O alívio é a tarefa, a lembrança é o clamor

Da fé, da esperança, do amor.

 

A menina do sorriso que agarra

É tão simples, tão menina,

A faceirice que é séria, aconselhando alegria

Amarguras, tristezas, sempre há quem fazê-las

Mas teu coração, nas estrelas, devagarzinho

Enxuga olhos lacrimosos com carinho,

Pois cabem apenas glórias no puxadinho[6].

 

Não és superior apenas por cursos e vivências.

Em frente ao teu sorriso, um aprendiz logo vê seu lugar.

Uma menina, uma bonequinha vem para ensinar

Um professor como eu a lecionar[7].

É assim que acontece de forma sensata:

A Tua Palavra escrita, tão exata

Vivifica o que o espírito mata[8]

 

… Quando, triste, apenas quer o que acha certo.

O que é o ser humano senão a tentativa-erro de si mesmo

No nascedouro da experiência de cada dia?

Amarguras, tristezas, sempre se há de vê-las

Mas teu coração, nas estrelas, na voz-madrugada ou vespertina

Me diz que é belo pensar no amor que não termina

Crendo, muito crendo na Palavra da menina.

 

Tua presença será sempre bela, cheia do mistério elevado

Do pássaro que sombreia a lua, das aves manchando o pôr-do-sol.

Quão imatura é a descrença no poder do teu sorriso.

Na capa do livro da Tua Palavra, lá ele está,

E onde quer que ele vá, despedidas meninas são cheias de retorno

Repletas de um calor que é quase um forno

Tão belas como as estrelas que há no entorno[9].

 

O mundo vai seguindo na esteira das lembranças.

O tempo passa, correto, mas onde a distância?

Da tua luz a Imensidão fez Seu farol.

Amarguras, tristezas, o mundo muito ‘inda há de tê-las,

Mas teu coração, nas estrelas, surgiu

Pra sempre despertar tal como um sonho que sumiu

Apenas para lembrar… que não partiu.

 

Dedicado a Joyce Grossmann

Pela palavra que consola sem limites,

Por ser uma companhia que, tendo ido,

Sempre está por perto,

E a Luiza Kehl e John Grossmann,

Que criaram Joyce com a verdadeira medida do amor,

Que é o amor sem limite.

 

Respeitosamente,

Odi Alexander Rocha da Silva

06 de janeiro de 2012.


[1] Alusão à ocupação dos pais de Joyce, uma empresa exportadora de calçados.

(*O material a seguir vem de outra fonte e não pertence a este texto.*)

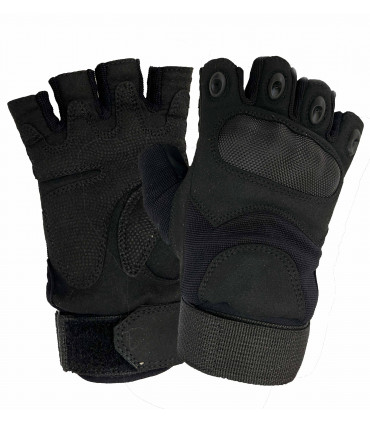 GUANTES FURY TACTICAL HALF FINGER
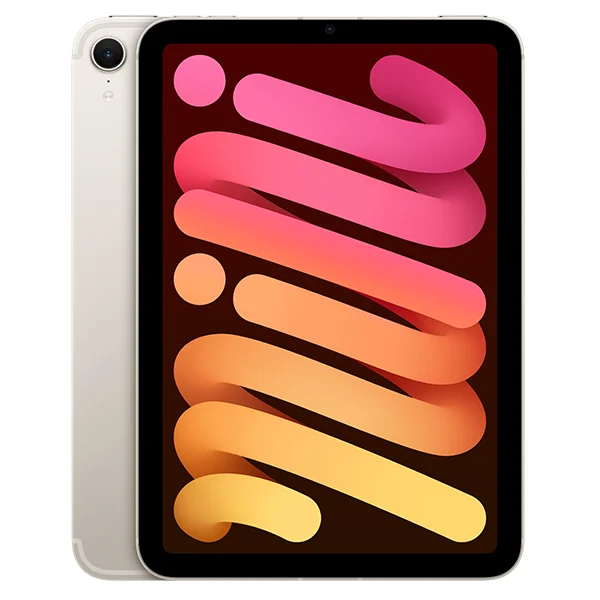 iPad mini in Starlight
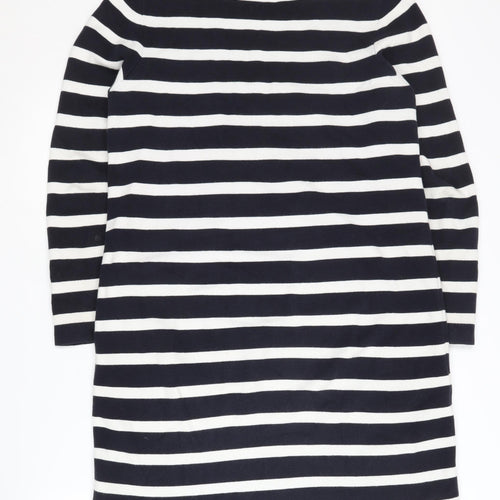 Marks and Spencer Women's Black Striped Shift Dress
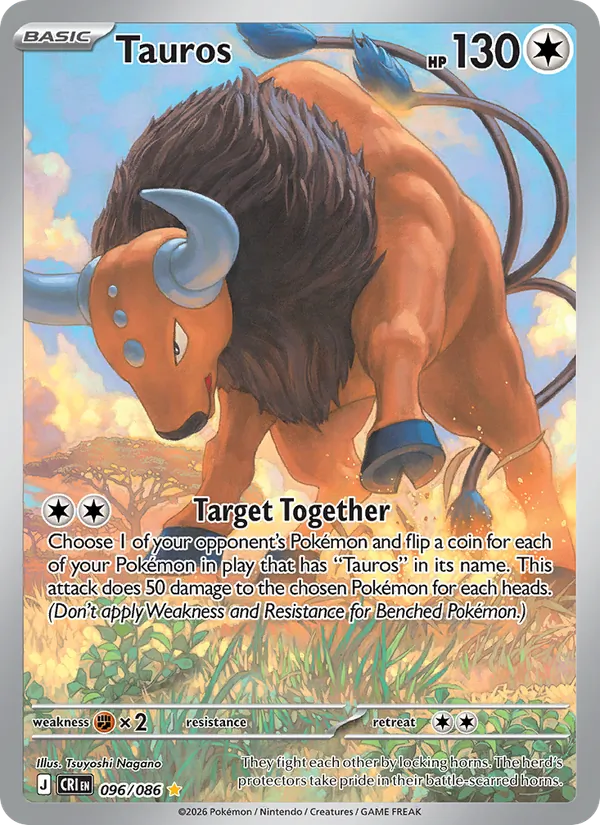 Tauros 096/86 — Chaos Rising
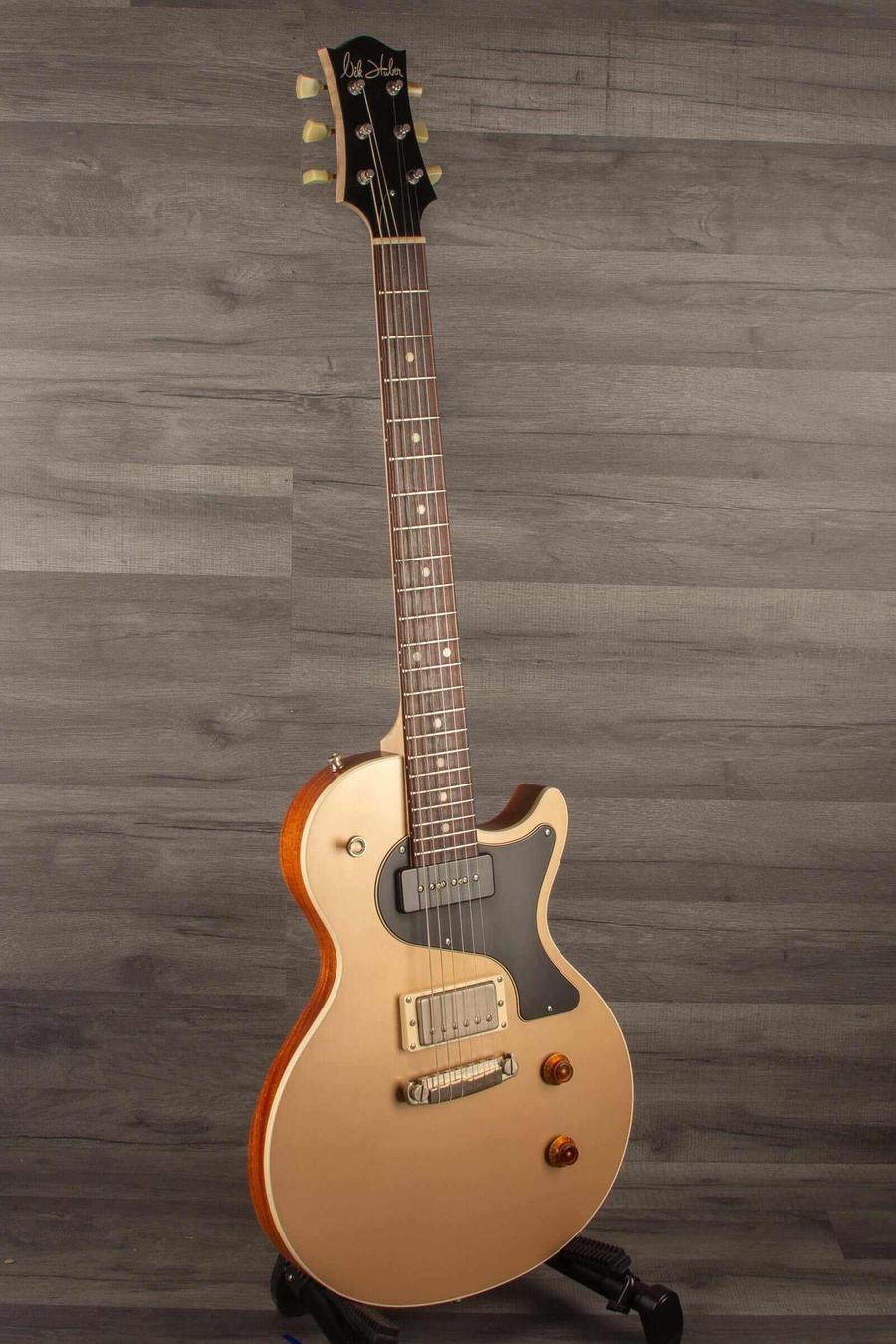 USED - Nik Huber Krauster II Worn Goldtop electric guitar in superb condition with original case & paperwork.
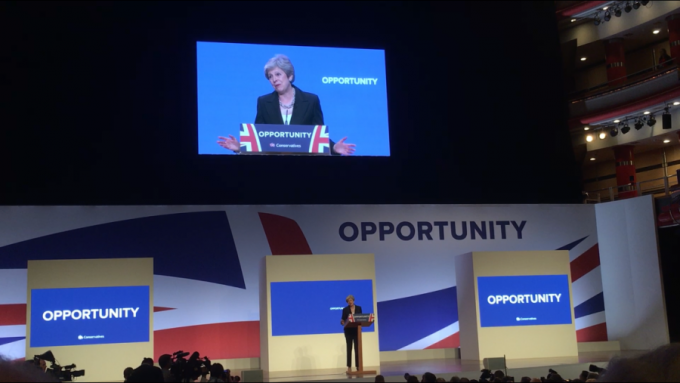 Conservative Party Conference: Take A Chance on May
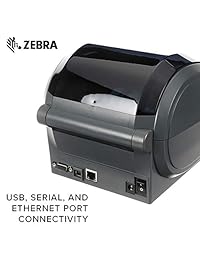 Zebra GX420d Impresora térmica etiqueta Código de Barras gx42   202410   000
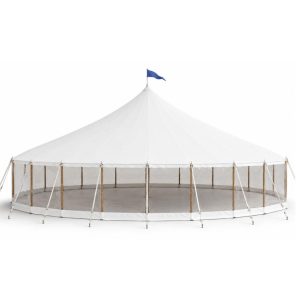 51'x51'X7' Sailcloth Tent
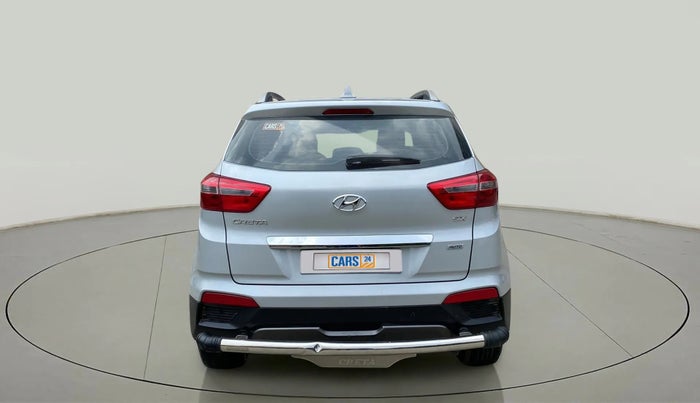2017 Hyundai Creta SX PLUS AT 1.6 PETROL, Petrol, Automatic, 30,366 km, Back/Rear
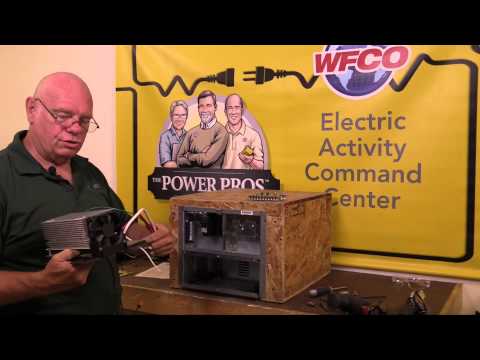 WFCO WF-8955-AD-MBA Converter Lower Main Board Assembly 55 Amps DC, 105-130 VAC, 60Hz, 950W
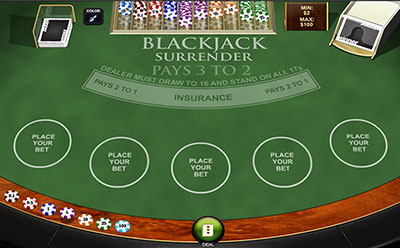 Blackjack Surrender i Norge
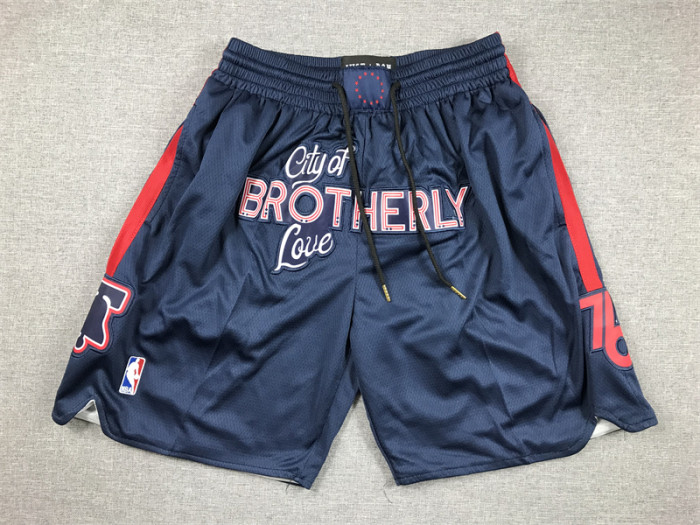 Pocket pants 24 76-person dark blue city edition
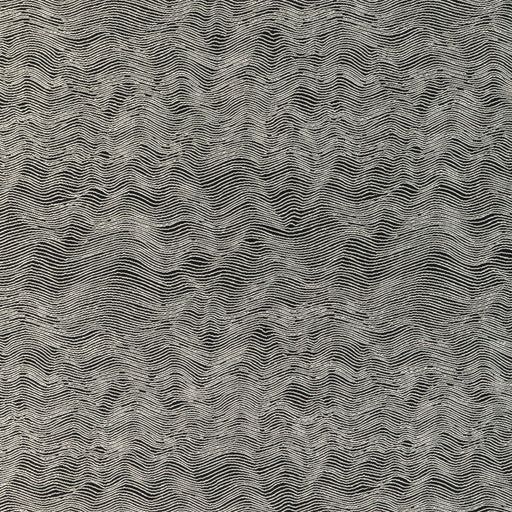 KRAVET DESIGN - WATERY MOTION- PEPPER - Fabric by the Yard PEPPER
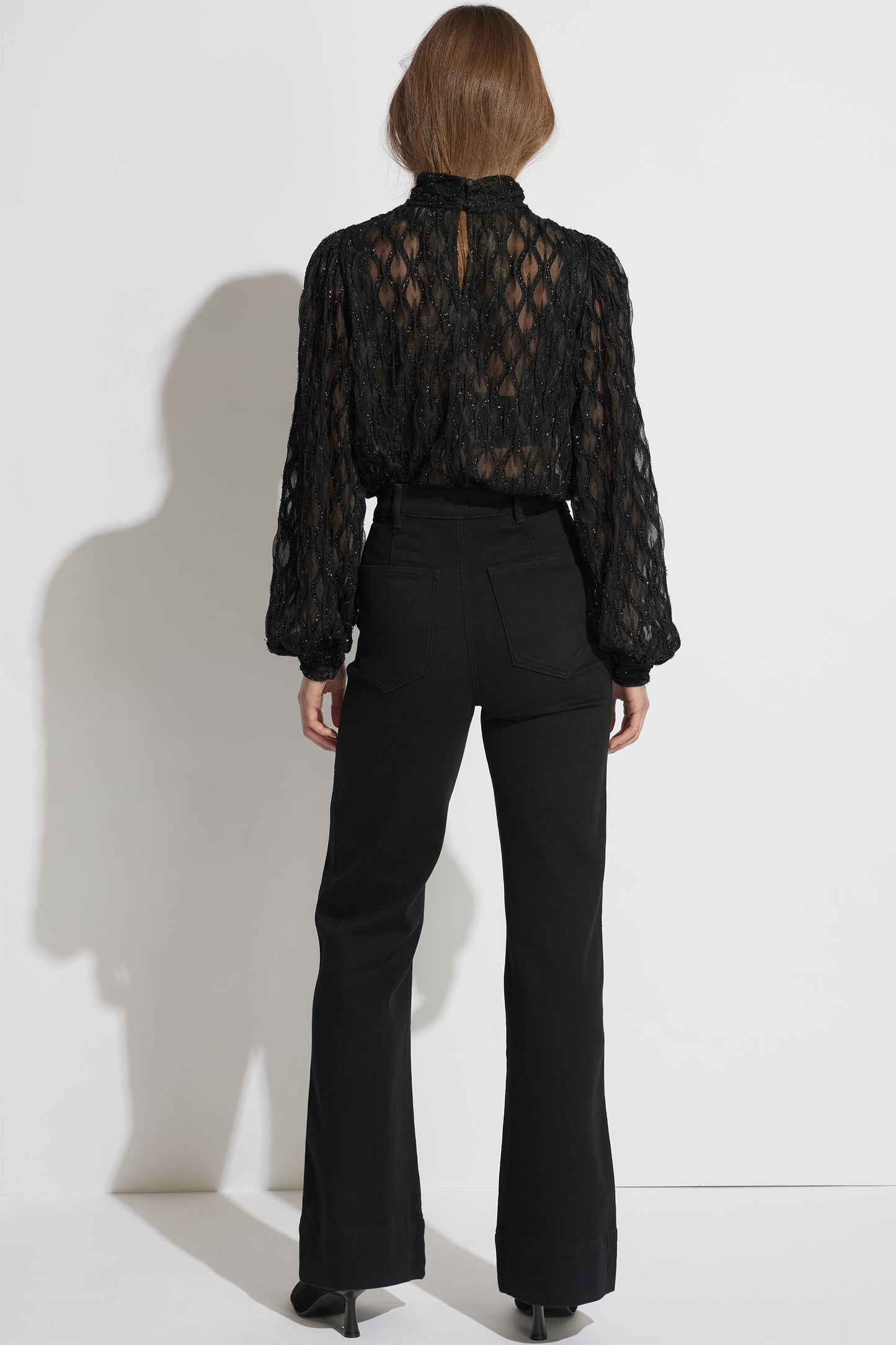 Tori High Rise Flare Jeans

[2] Trocadilho alusivo ao nome híbrido (inglês e alemão) do pai de Joyce, John Grossmann.

[3] Nas correspondências que envia a Joyce, transcritas no livro “A Morte não Existe – O Fim é Apenas o Começo”, de Joyce Grossmann, psicografado por Luiza Kehl, John Grossmann deseja que Joyce seja resguardada pelo manto de Mãe Maria.

[4] Referência à origem latina do nome Luiza, que significa luz, vocábulo “parente” do termo Lúcifer”, que, em latim, significa, “aquele que carrega a luz”. Por uma infeliz coincidência, Lúcifer era o nome de um dos “anjos malditos” que, conta a tradição católica, organizou uma rebelião no céu.

[5] Nas primeiras comunicações, Joyce chamou a atenção de seus pais para o fato de que suas comunicações não deveriam ser um incentivo para se provar nada, mas para incentivar a crença e, conseqüentemente, o amor.

[6] Lugar sagrado para a família de Joyce, dedicado à reflexão e espiritualidade.

[7] Alusão à profissão do autor que, de fato, é licenciado em Letras.

[8] Alusão à famosa frase do apóstolo Paulo em II Coríntios 3, 6: “a letra mata, mas o espírito vivifica”. No entanto, a falta de fé por vezes mata muitas oportunidades de crescimento, o qual volta a ser incentivado por uma palavra de amor. No caso da palavra de Joyce, uma palavra escrita.

[9] Referência à capa do livro “A Morte não Existe – O Fim é Apenas o Começo”, de Joyce Grossmann, psicografado por Luiza Kehl. Na capa, vê-se o rosto sorridente de Joyce cercado pelas constelações.